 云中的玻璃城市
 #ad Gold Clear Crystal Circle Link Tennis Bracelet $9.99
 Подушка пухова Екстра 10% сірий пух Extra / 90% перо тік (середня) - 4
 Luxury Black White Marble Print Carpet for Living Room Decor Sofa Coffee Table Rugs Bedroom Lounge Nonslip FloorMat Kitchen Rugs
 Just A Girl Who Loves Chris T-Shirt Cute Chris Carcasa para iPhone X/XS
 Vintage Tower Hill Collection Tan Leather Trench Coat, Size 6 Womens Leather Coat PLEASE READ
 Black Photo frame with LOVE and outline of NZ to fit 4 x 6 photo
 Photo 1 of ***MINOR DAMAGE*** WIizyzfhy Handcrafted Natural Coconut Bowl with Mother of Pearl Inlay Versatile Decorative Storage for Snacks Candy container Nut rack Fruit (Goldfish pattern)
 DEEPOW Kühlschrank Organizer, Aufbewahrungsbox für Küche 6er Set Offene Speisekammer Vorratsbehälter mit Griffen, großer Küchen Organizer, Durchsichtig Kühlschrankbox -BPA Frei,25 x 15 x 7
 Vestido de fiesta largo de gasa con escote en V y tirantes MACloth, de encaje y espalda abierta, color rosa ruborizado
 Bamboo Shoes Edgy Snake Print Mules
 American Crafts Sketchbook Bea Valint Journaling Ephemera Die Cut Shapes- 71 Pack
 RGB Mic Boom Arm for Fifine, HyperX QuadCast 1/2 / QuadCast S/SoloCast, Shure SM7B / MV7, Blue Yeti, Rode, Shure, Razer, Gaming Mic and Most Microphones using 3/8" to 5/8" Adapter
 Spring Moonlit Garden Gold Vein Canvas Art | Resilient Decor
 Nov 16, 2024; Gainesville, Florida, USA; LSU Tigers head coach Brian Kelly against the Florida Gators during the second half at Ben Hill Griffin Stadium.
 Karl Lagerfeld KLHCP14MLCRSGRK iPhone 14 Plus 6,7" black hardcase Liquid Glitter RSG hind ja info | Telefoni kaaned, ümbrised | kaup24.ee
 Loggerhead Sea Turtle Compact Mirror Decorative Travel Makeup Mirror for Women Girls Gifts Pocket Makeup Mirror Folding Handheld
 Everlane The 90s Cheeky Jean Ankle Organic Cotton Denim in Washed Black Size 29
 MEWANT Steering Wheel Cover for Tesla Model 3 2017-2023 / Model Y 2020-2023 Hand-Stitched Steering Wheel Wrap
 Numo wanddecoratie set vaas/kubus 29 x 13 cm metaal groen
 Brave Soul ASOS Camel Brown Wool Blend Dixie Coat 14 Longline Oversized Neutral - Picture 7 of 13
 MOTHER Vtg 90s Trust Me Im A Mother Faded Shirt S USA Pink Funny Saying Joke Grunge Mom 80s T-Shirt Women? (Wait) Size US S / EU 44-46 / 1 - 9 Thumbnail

Exercise description:
Your reply must reproduce all records above exactly.

Result for this task:
 云中的玻璃城市
 #ad Gold Clear Crystal Circle Link Tennis Bracelet $9.99
 Подушка пухова Екстра 10% сірий пух Extra / 90% перо тік (середня) - 4
 Luxury Black White Marble Print Carpet for Living Room Decor Sofa Coffee Table Rugs Bedroom Lounge Nonslip FloorMat Kitchen Rugs
 Just A Girl Who Loves Chris T-Shirt Cute Chris Carcasa para iPhone X/XS
 Vintage Tower Hill Collection Tan Leather Trench Coat, Size 6 Womens Leather Coat PLEASE READ
 Black Photo frame with LOVE and outline of NZ to fit 4 x 6 photo
 Photo 1 of ***MINOR DAMAGE*** WIizyzfhy Handcrafted Natural Coconut Bowl with Mother of Pearl Inlay Versatile Decorative Storage for Snacks Candy container Nut rack Fruit (Goldfish pattern)
 DEEPOW Kühlschrank Organizer, Aufbewahrungsbox für Küche 6er Set Offene Speisekammer Vorratsbehälter mit Griffen, großer Küchen Organizer, Durchsichtig Kühlschrankbox -BPA Frei,25 x 15 x 7
 Vestido de fiesta largo de gasa con escote en V y tirantes MACloth, de encaje y espalda abierta, color rosa ruborizado
 Bamboo Shoes Edgy Snake Print Mules
 American Crafts Sketchbook Bea Valint Journaling Ephemera Die Cut Shapes- 71 Pack
 RGB Mic Boom Arm for Fifine, HyperX QuadCast 1/2 / QuadCast S/SoloCast, Shure SM7B / MV7, Blue Yeti, Rode, Shure, Razer, Gaming Mic and Most Microphones using 3/8" to 5/8" Adapter
 Spring Moonlit Garden Gold Vein Canvas Art | Resilient Decor
 Nov 16, 2024; Gainesville, Florida, USA; LSU Tigers head coach Brian Kelly against the Florida Gators during the second half at Ben Hill Griffin Stadium.
 Karl Lagerfeld KLHCP14MLCRSGRK iPhone 14 Plus 6,7" black hardcase Liquid Glitter RSG hind ja info | Telefoni kaaned, ümbrised | kaup24.ee
 Loggerhead Sea Turtle Compact Mirror Decorative Travel Makeup Mirror for Women Girls Gifts Pocket Makeup Mirror Folding Handheld
 Everlane The 90s Cheeky Jean Ankle Organic Cotton Denim in Washed Black Size 29
 MEWANT Steering Wheel Cover for Tesla Model 3 2017-2023 / Model Y 2020-2023 Hand-Stitched Steering Wheel Wrap
 Numo wanddecoratie set vaas/kubus 29 x 13 cm metaal groen
 Brave Soul ASOS Camel Brown Wool Blend Dixie Coat 14 Longline Oversized Neutral - Picture 7 of 13
 MOTHER Vtg 90s Trust Me Im A Mother Faded Shirt S USA Pink Funny Saying Joke Grunge Mom 80s T-Shirt Women? (Wait) Size US S / EU 44-46 / 1 - 9 Thumbnail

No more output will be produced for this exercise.